The QR code could be pre coded to be a URL for the phone's browser; it could be text, an SMS or personal details.
Taking a snap of a QR code on a business card automatically transfers the all the 'contact' details to the phones phonebook, saving the recipient having to key it in. This particular application is big news in the Orient where at one point every self-respecting business person had a 2D code on the underside of his or her business card. But they also began to feature heavily in advertising too. Some very quick practical mobile marketing uses: The picture here was for the release of "28 Weeks Later" - all the way back in Sep '07.
The poster was above the entrance to Covent Garden Tube and made quite a stir when it was first introduced, but like many good ideas in that sphere, it simply faded back to gray after a few weeks. Information: An area that I think could be fantastic here especially in tourism.
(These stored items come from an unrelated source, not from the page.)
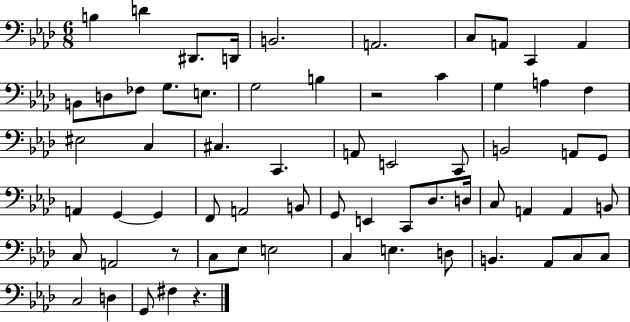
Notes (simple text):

B3/q D4/q D#2/e. D2/s B2/h. A2/h. C3/e A2/e C2/q A2/q B2/e D3/e FES3/e G3/e. E3/e. G3/h B3/q R/h C4/q G3/q A3/q F3/q EIS3/h C3/q C#3/q. C2/q. A2/e E2/h C2/e B2/h A2/e G2/e A2/q G2/q G2/q F2/e A2/h B2/e G2/e E2/q C2/e Db3/e. D3/s C3/e A2/q A2/q B2/e C3/e A2/h R/e C3/e Eb3/e E3/h C3/q E3/q. D3/e B2/q. Ab2/e C3/e C3/e C3/h D3/q G2/e F#3/q R/q.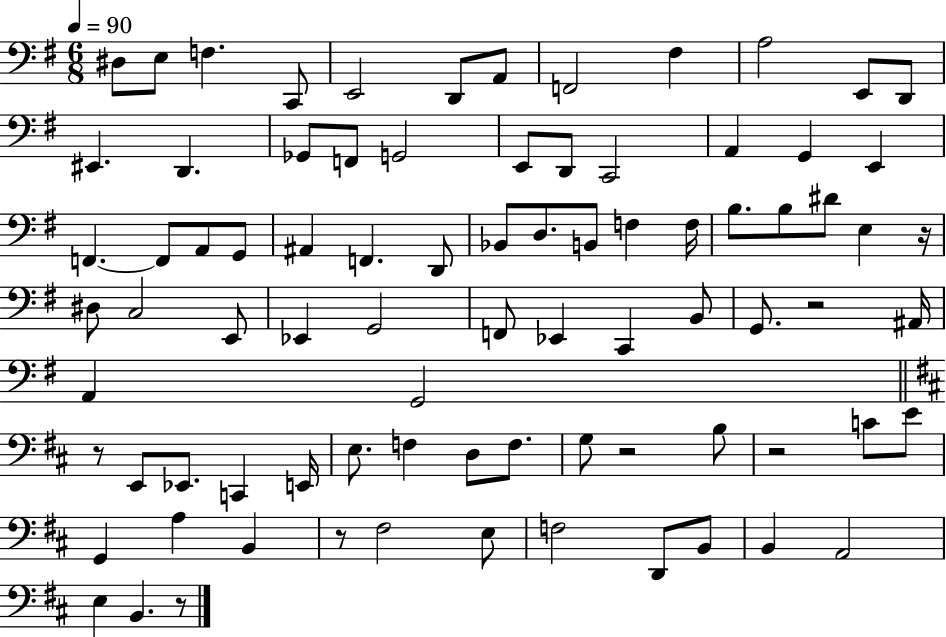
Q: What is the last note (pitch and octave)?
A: B2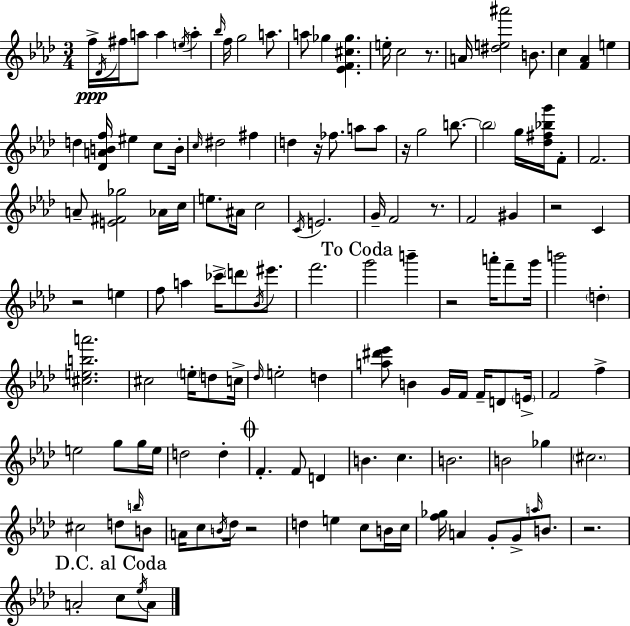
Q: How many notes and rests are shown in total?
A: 134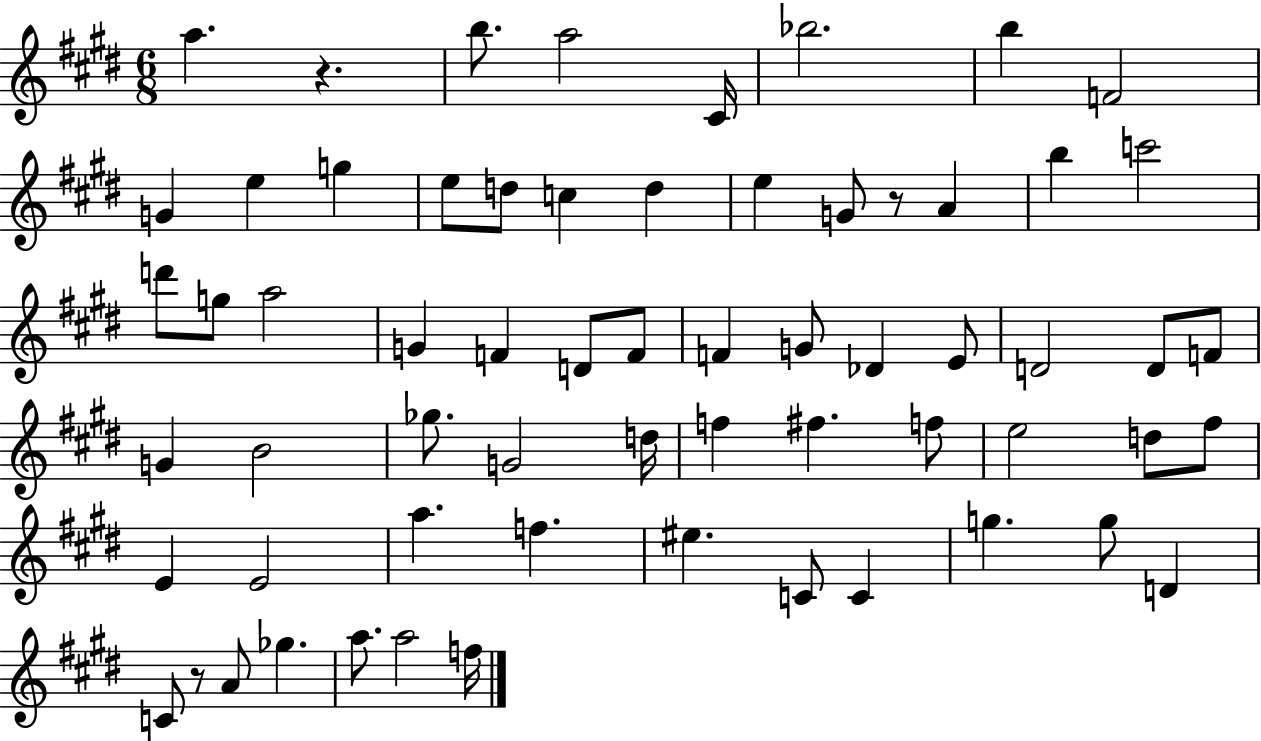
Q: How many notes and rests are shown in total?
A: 63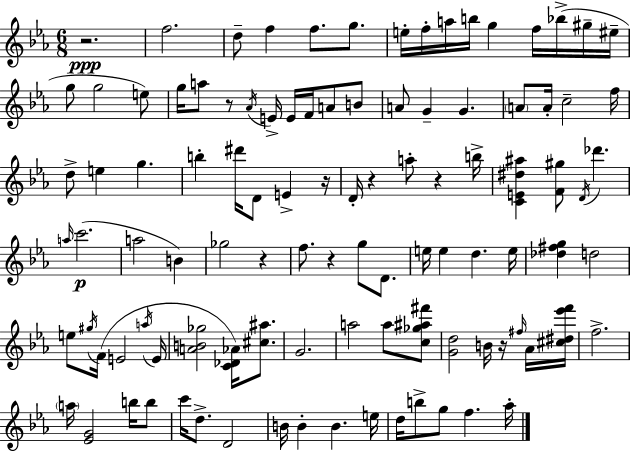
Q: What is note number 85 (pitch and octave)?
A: Ab5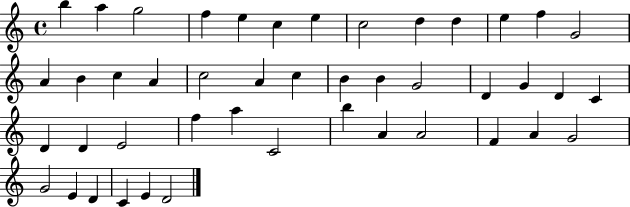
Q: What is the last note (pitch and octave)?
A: D4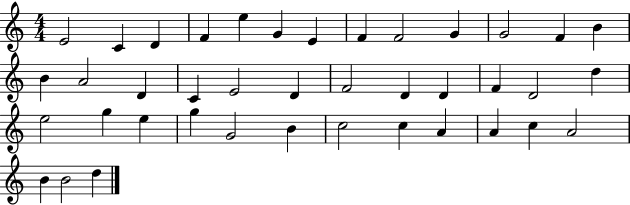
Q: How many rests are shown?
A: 0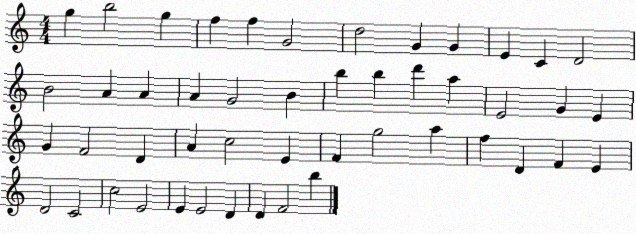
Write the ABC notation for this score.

For example, the BBC had a programme called Coast and a sister project called the "Coast Mobile Experience".
If people physically relived the Coast Experience, as they were encouraged to do in the programme, at points along any of the 20 or so routes were places where you could access 2D codes.
Utilising theses codes they got links to audio about the route, images and maps of their route. What about 2D codes at strategic points throughout public buildings all linking to the buildings microsite? Once there you could pick your language allowing you to have all the FAQ's to be answered - that would cut down on admin. 2D code for downloads: The Petshop Boys (God help us all!) used 2D codes so that fans could download a video clip of one of their newly released tracks.
Kerrang, the music magazine, used it throughout one of their editions so that readers could sample tracks by featured artists.
Even The Sun had a try promoting their website in print. Naturally their QR codes in print were captured in the clutches of scantily clad ladies! Advertising: Huge strides here where print ads come replete with 2D codes for and instant response.
It's a great application for on pack promotions or getting further product details. McDonalds used them and when the code was scanned it takes customers to a site with allergy and calorie information about the range of products.
This one for Vespa would send the person a link where they could get retrieve ringtones and wallpapers.It's obvious that there is huge potential for this application to drive mobile marketing and make connectivity so much easier.
The real problem here is reminiscent of the VHS vs. PAL standoff, where there was only room for one technology source to survive. The same bun fight seems to beafoot here. There are QR-Codes, Datamatrix Codes, Microsoft Tags, Bee Tags etc. Similarly, there are different readers and some are only compatible with particular phones - so once again yet another fragmentation issue. Opting for a 'catch all' reader (even with potentially weaker features) would be the strategy here. There's no point in having an on pack promotion with the caveat that only iPhone and Blackberry users can enter! When they came out first there were huge restrictions on what you could and could not do with the codes. Now that readers that are better able to interpret the presented images, the creativity is really getting started on the codes as you can see in this QR illustration for Louis Vuitton.
They went to a lot of trouble for this campaign having created this character and a whole set of animated clips to go with it. The QR code here links nicely to the Louis Vuitton Japanese site - bar the fact that the site is not mobile ready. The last mile..eh?